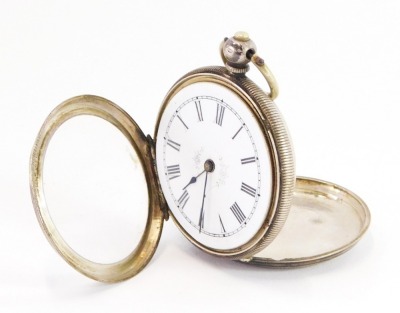 A continental lady's pocket watch, open faced, key wind, white enamel dial bearing Roman numerals, floral detail, white metal case engraved with flowers, vacant shield reserve, marked 800, 40.5g all in.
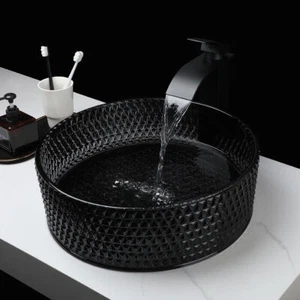 Bathroom Black Round Tempered Glass Basin Set Vessel Vanity Sink Bowl Faucet - Picture 1 of 9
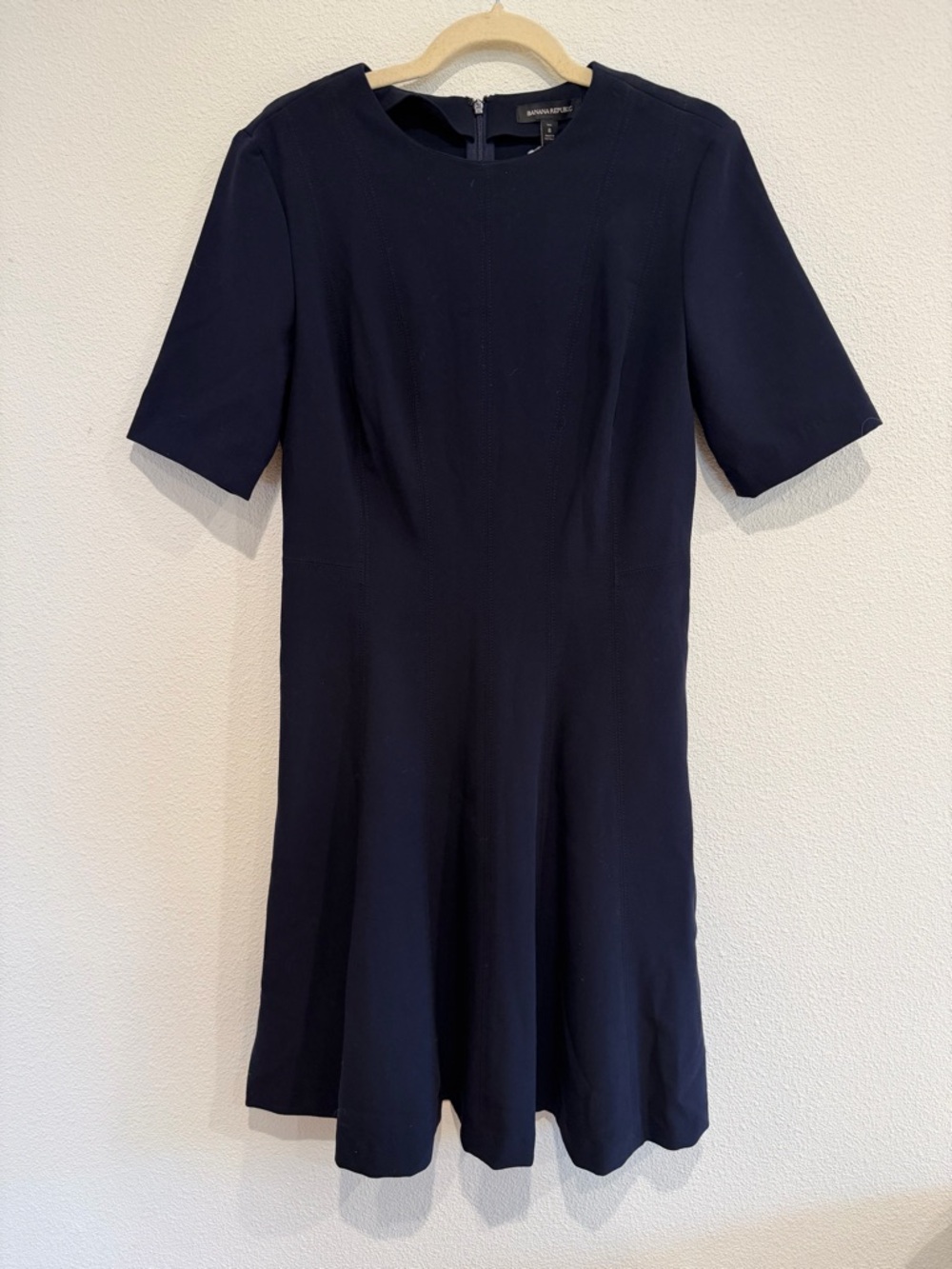 Banana Republic Navy Short Sleeve Midi Dress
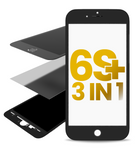 Replacement 3 in 1 (Front Glass + Frame + OCA Pre-Installed) Compatible with Apple iPhone 6S Plus (2 Pack) (Black)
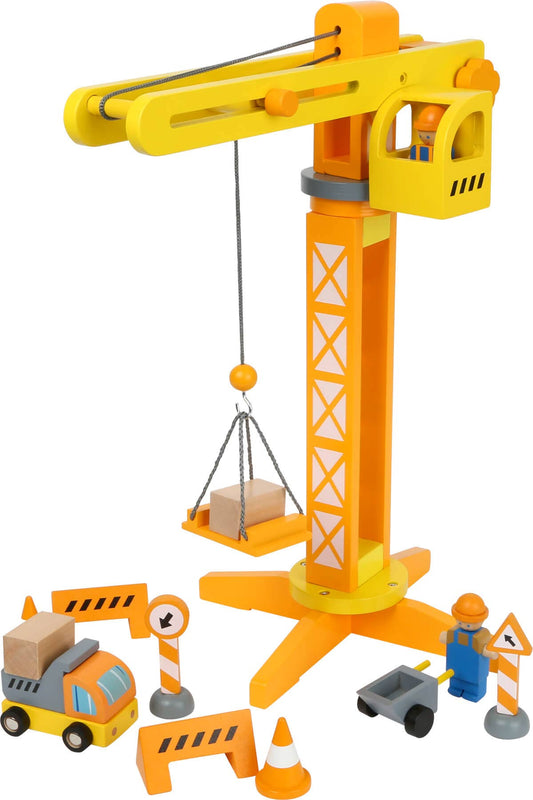 Grue de chantier en bois avec accessoires de construction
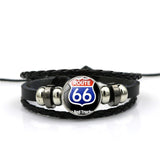 2018 new fashion For Women Jewelry Black Leather Bracelet Bangle Cartoon Jewelry USA Route 66 Route Sign Holiday gift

▬▬▬

Take the lines above from the top of the records through the one with "Banana Republic Navy Short Sleeve Midi Dress" and repeat them exactly, without any pictures.

 A continental lady's pocket watch, open faced, key wind, white enamel dial bearing Roman numerals, floral detail, white metal case engraved with flowers, vacant shield reserve, marked 800, 40.5g all in.
 Bathroom Black Round Tempered Glass Basin Set Vessel Vanity Sink Bowl Faucet - Picture 1 of 9
 Banana Republic Navy Short Sleeve Midi Dress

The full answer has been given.